▸ Problem requirements: Your output should be the lines of the entries below, exactly, from the first one through the line that holds "Extensive Landscape Extensive Landscape".

▸ Entries shown:

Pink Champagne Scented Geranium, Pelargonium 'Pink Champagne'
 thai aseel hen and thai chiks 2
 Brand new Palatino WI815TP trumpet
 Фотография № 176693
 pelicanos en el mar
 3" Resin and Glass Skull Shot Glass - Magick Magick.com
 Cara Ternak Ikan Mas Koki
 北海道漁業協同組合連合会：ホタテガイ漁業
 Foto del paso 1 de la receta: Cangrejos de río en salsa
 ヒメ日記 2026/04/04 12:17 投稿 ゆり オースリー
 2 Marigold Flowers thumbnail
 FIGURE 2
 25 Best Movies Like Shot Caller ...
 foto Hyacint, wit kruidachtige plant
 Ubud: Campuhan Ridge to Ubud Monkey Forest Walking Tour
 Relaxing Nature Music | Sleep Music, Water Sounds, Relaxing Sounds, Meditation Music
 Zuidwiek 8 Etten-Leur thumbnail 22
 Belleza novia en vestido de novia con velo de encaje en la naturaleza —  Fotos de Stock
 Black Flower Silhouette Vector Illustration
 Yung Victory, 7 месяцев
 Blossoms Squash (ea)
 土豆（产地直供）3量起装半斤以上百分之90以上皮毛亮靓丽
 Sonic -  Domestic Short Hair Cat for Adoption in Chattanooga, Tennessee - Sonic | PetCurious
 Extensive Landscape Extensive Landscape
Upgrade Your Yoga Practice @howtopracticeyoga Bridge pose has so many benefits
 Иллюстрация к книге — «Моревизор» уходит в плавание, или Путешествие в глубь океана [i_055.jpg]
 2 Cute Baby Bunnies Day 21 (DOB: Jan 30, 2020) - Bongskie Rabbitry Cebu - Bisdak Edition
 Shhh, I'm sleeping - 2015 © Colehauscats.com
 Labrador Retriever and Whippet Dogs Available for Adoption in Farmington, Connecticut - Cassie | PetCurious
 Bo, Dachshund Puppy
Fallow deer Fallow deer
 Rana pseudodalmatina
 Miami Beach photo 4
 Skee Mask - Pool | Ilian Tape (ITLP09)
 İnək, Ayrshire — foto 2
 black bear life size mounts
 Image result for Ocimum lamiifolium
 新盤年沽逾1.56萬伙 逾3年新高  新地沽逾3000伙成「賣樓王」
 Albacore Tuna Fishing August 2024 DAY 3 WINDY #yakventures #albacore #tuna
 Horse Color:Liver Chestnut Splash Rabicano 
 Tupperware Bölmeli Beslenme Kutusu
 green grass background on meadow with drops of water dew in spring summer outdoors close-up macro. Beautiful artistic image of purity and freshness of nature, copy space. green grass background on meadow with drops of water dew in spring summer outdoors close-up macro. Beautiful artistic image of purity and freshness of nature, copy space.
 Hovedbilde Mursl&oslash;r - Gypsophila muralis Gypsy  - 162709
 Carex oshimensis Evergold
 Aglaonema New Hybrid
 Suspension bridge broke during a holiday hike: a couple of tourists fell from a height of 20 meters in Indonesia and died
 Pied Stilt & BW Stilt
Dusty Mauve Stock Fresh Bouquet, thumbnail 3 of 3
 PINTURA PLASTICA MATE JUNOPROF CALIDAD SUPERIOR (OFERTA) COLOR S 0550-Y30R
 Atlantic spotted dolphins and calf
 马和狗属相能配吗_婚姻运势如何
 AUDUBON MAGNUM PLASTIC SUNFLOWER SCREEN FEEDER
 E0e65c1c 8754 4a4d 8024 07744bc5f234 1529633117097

▸ Exercise output:
Pink Champagne Scented Geranium, Pelargonium 'Pink Champagne'
 thai aseel hen and thai chiks 2
 Brand new Palatino WI815TP trumpet
 Фотография № 176693
 pelicanos en el mar
 3" Resin and Glass Skull Shot Glass - Magick Magick.com
 Cara Ternak Ikan Mas Koki
 北海道漁業協同組合連合会：ホタテガイ漁業
 Foto del paso 1 de la receta: Cangrejos de río en salsa
 ヒメ日記 2026/04/04 12:17 投稿 ゆり オースリー
 2 Marigold Flowers thumbnail
 FIGURE 2
 25 Best Movies Like Shot Caller ...
 foto Hyacint, wit kruidachtige plant
 Ubud: Campuhan Ridge to Ubud Monkey Forest Walking Tour
 Relaxing Nature Music | Sleep Music, Water Sounds, Relaxing Sounds, Meditation Music
 Zuidwiek 8 Etten-Leur thumbnail 22
 Belleza novia en vestido de novia con velo de encaje en la naturaleza —  Fotos de Stock
 Black Flower Silhouette Vector Illustration
 Yung Victory, 7 месяцев
 Blossoms Squash (ea)
 土豆（产地直供）3量起装半斤以上百分之90以上皮毛亮靓丽
 Sonic -  Domestic Short Hair Cat for Adoption in Chattanooga, Tennessee - Sonic | PetCurious
 Extensive Landscape Extensive Landscape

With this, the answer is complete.